Cannot rewrite library in time allowed and don't really need to based on Fact 
item #1. Plus, pressure to get product to market is greater than 
internationalizing the library.


What I need 
help with:
--
1.How do I set up an ASCII based unix machine, test 
application and test environment to send Japanese characters to the library in 
question.

2. Do I 
need to create hex input or binary input to represent Japanese characters. 
Since I'm using a standard keyboard how do we get Japanese characters into the 
application?

3. What 
am I not considering here? What gotchas will I come across by not making 
my library i18nized?


Unfortunately, 
I've never done any i18n or l10n work before so I'm really having trouble 
figuring out where and how to get started. Any advice is 
appreciated.


Thanks.

Eric 
Ray


Re: Support for Japanese characters

2002-03-08 Thread Barry Caplan

At 12:21 PM 3/8/2002 -0600, Eric Ray wrote:
Need help
please. 

Problem: 

1. Current library built for unix and supports ASCII
characters only. 

2. This library must now accept wide characters from
Japanese client.
You need to doublebyte enable the library except for the most trivial
uses. Doing so is not trivial.


Facts:
--
1. The library does not really evaluate the Japanese
characters to make logical decisions. 
If the data just passes through, that might be relatively
trivial.

We believe base64
encode the character array to avoid any bad things happening in the
code (such as hitting a null value or other values that could
potential cause problems).
Is the (non-Japanese) data already base 64 encoded? If so, why?
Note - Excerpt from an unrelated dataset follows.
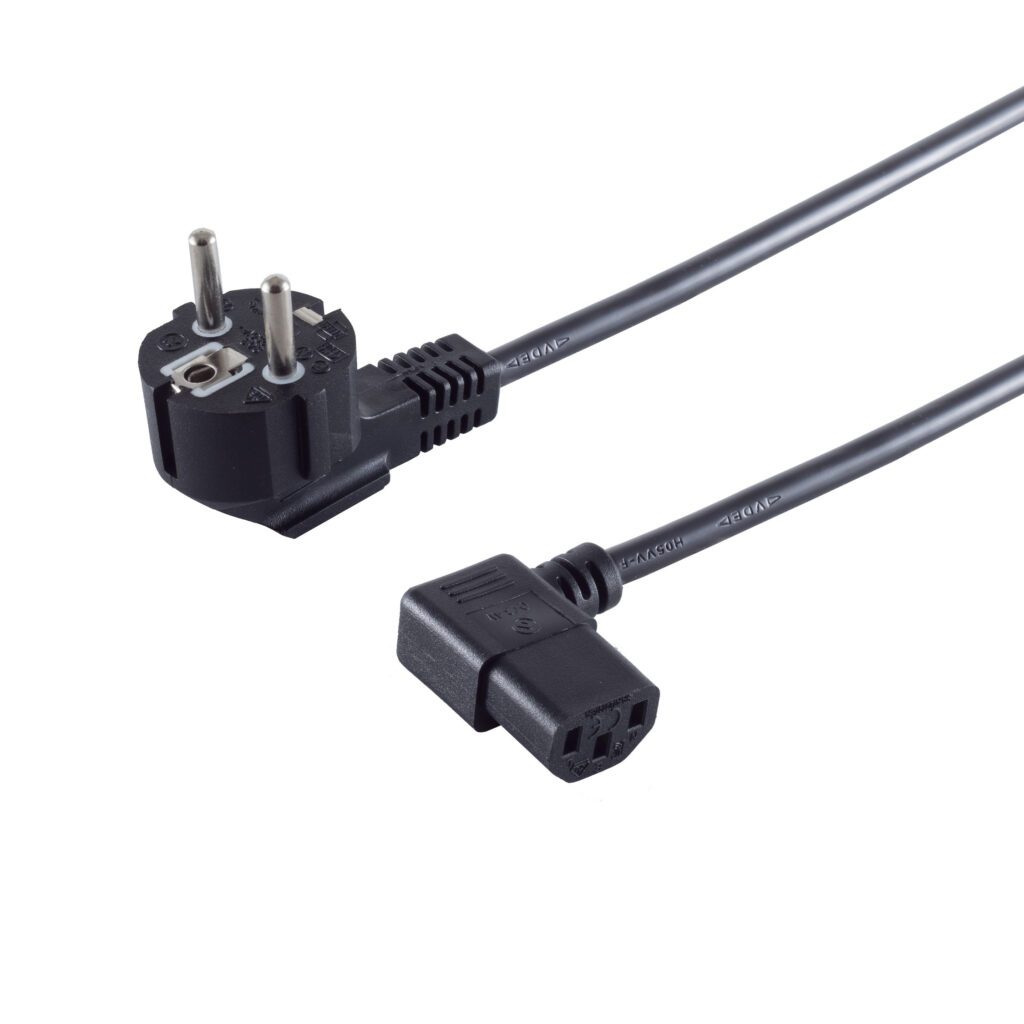 Netzanschlusskabel C13 abgewinkelt, mit Schukostecker 90°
Why
create trouble handling that just to avoid checking for null values?
Anyway, if you really aren't going to process the Japanese characters in
this library except to pass them thru, then you need to take the Japanese
text, base64 encode it, and then pass it to the library the usual way.
Then retrieve it the usual way and base64 unencode and voila!
Of course this may just move your questions to other parts of your
program, but you haven't asked about those places. without knowing what
the application is or what the configuration is except unix
it is hard to say more.

2. Cannot rewrite library in time allowed and don't
really need to based on Fact item #1. Plus, pressure to get product
to market is greater than internationalizing the
library.
This is probably a guaranteed method to fail in Japan. Japanese users and
your Japanese partners if you have them have had many years of
experience with bad software form the us that claims to work. They will
know how to break it quickly. Then you will learn a hard lesson
about doing business with Japanese while not taking heed of the well
known requirement for quality.



What I need help with:
--
1. How do I set up an ASCII based unix machine, test
application and test environment to send Japanese characters to the
library in question.
I see from your web site that the application is likely some sort
of encryption device, possibly for email. Having run the Japanese
software group at an email company in the past,I can tell you Japanese
email is fraught with its own perils under any circumstances.
Without knowing what the actual channel is that you want to pass the text
thru, it is hard to say how you will want to test it.
You also have not described the time schedule and why you consider it
tight. Is it safe to assume that your plan to counteract any lack of
experience and time schedule is to spend money to hire someone who has
both?

2. Do I need to create hex input or binary input to
represent Japanese characters. Since I'm using a standard keyboard
how do we get Japanese characters into the
application?
Use the Japanese Input Method Editor supplied with or for the
operating system. But that does not guarantee that the data will actually
get to the application properly if the application has not been coded to
handle it. This is part of internationalizing your code, and now you see
why skipping corners during the initial development is coming back to
haunt you.

3. What am I not considering here? What gotchas
will I come across by not making my library
i18nized?
The gotchas are going to fall into the categories of Won't
work or Data passes thru ok, but the rest of the application
doesn't know how to handle it. OTTOMH, I would watch out for
endianness when you base64 encode Japanese multibyte text too. Probably
OK, but worth taking a close look at.


Unfortunately, I've never done any i18n or l10n work before
so I'm really having trouble figuring out where and how to get
started. Any advice is appreciated.
There is no magic bullet here in general. if Zixit values the opportunity
in Japan, I would suggest you be open to the offers you are sure to get
from experienced folks to assist you. If you don't get any, contact me
off-list and I will put you in touch with some.

Barry Caplan
Publisher,
www.i18n.com